**** Available data
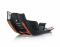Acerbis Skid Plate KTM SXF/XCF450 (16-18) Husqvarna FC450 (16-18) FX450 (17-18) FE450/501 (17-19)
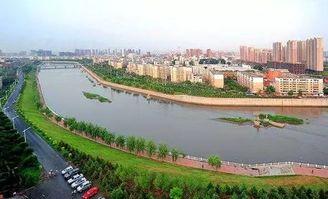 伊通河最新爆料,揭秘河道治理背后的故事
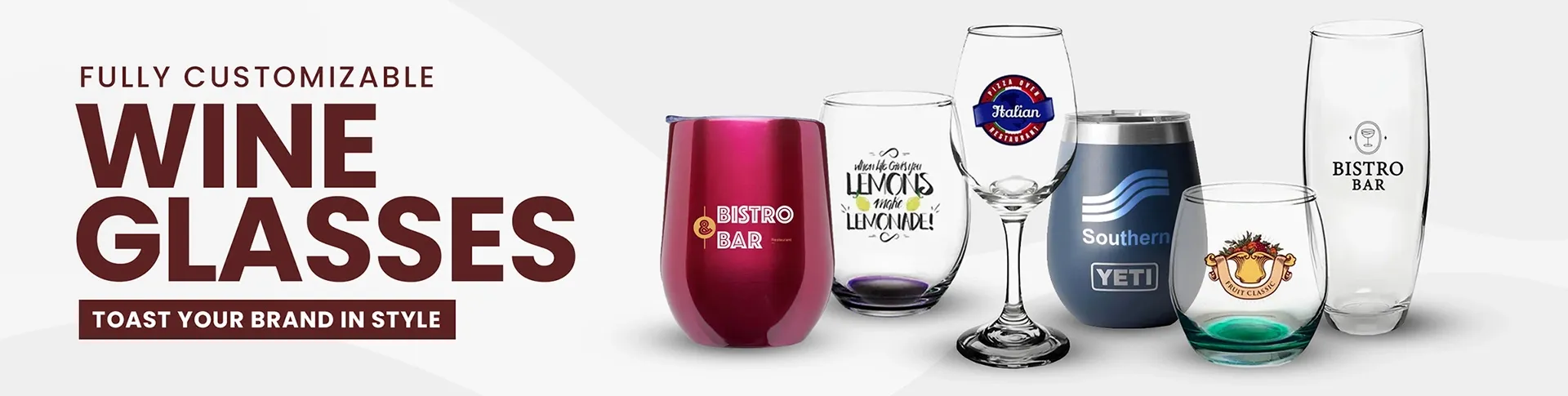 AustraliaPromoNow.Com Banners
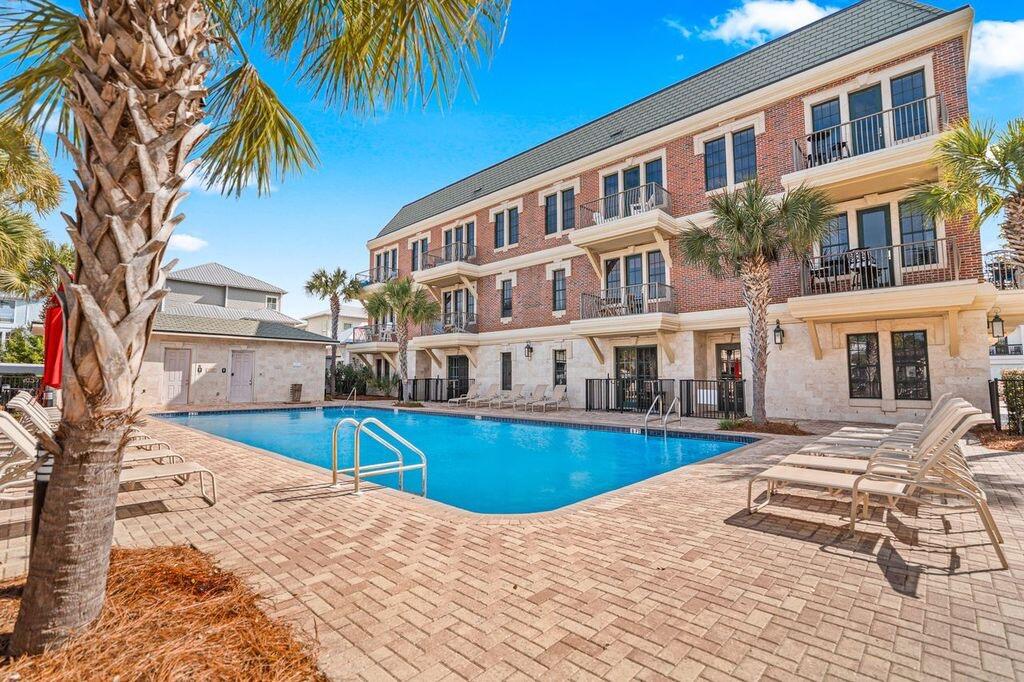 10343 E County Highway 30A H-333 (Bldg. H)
********
• _Assigned task_
From the line that contains "AustraliaPromoNow.Com Banners" down to the last line of the material above, every line must be repeated exactly, with pictures removed and both end lines included.

• _Reply to the task_
 AustraliaPromoNow.Com Banners
 10343 E County Highway 30A H-333 (Bldg. H)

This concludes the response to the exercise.